(Beginning of SUPPLIED MATERIAL)
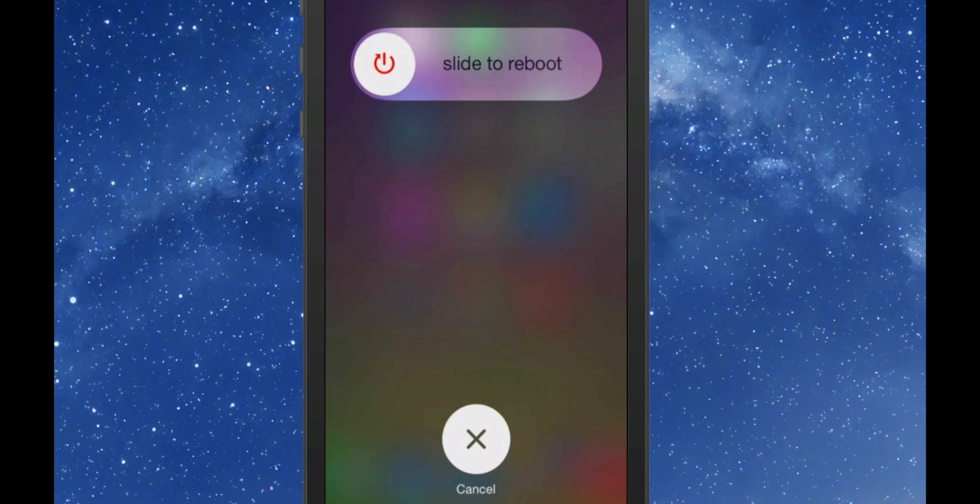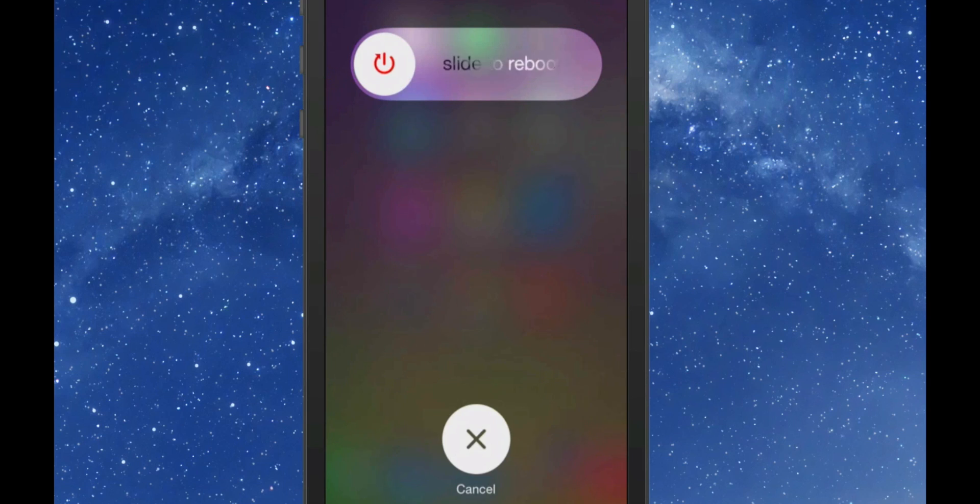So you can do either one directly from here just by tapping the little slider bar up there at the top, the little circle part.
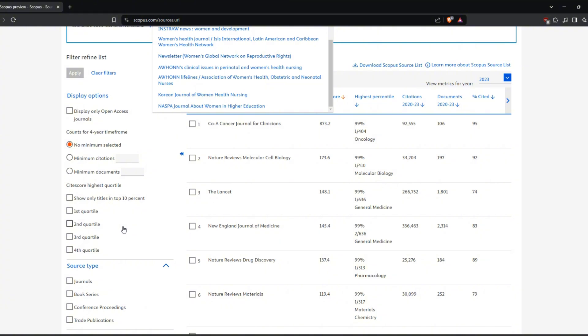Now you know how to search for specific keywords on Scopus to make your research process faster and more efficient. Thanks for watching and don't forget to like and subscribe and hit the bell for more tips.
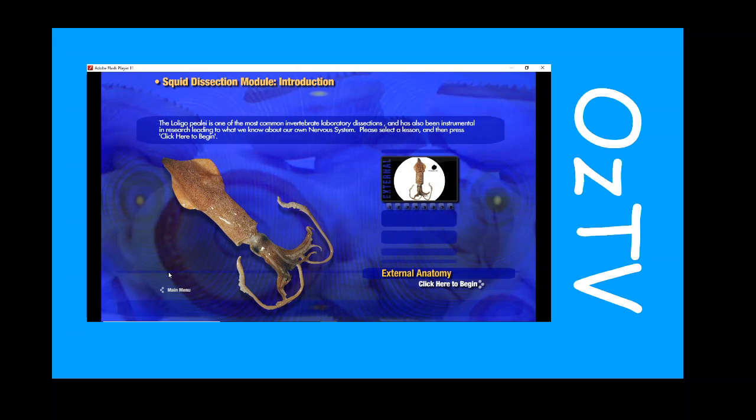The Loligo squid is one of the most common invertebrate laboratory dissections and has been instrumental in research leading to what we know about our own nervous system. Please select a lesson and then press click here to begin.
(End of SUPPLIED MATERIAL)
- THE PROBLEM -
Please return the full listing word for word, but without any pictures.

- WRITTEN SOLUTION -
So you can do either one directly from here just by tapping the little slider bar up there at the top, the little circle part.
Now you know how to search for specific keywords on Scopus to make your research process faster and more efficient. Thanks for watching and don't forget to like and subscribe and hit the bell for more tips.
The Loligo squid is one of the most common invertebrate laboratory dissections and has been instrumental in research leading to what we know about our own nervous system. Please select a lesson and then press click here to begin.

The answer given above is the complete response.